_ASSIGNMENT:_ Exact reproduction is required for the lines below starting at the line with "Center Luggage Holder" and ending at the line with "Innis & Gunn Rum Cask", both included. No other lines, and no pictures.

_DATA PROVIDED:_

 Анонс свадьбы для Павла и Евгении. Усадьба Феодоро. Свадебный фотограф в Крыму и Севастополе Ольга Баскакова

==

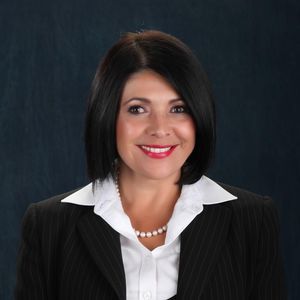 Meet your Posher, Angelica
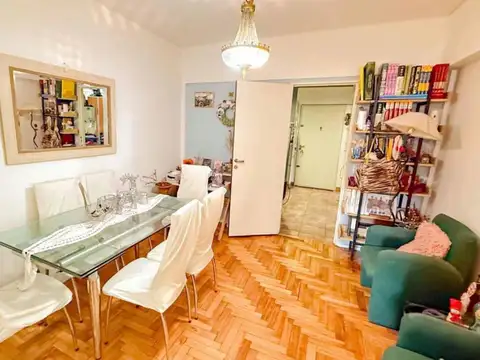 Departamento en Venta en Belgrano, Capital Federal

--

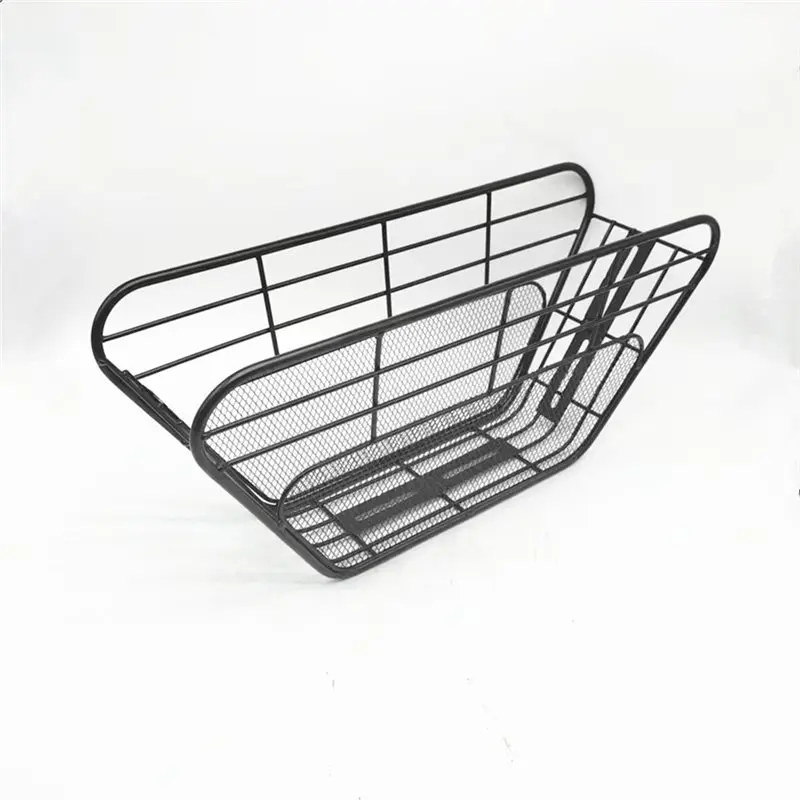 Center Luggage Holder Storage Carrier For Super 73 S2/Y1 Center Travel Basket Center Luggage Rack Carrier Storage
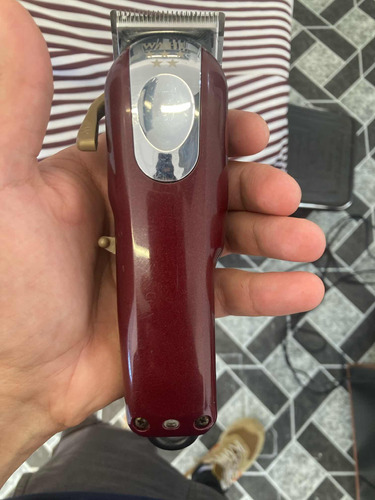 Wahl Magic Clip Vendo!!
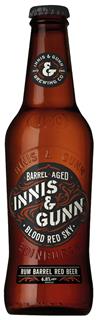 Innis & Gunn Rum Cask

_RESULT FOR THIS EXERCISE:_
 Center Luggage Holder Storage Carrier For Super 73 S2/Y1 Center Travel Basket Center Luggage Rack Carrier Storage
 Wahl Magic Clip Vendo!!
 Innis & Gunn Rum Cask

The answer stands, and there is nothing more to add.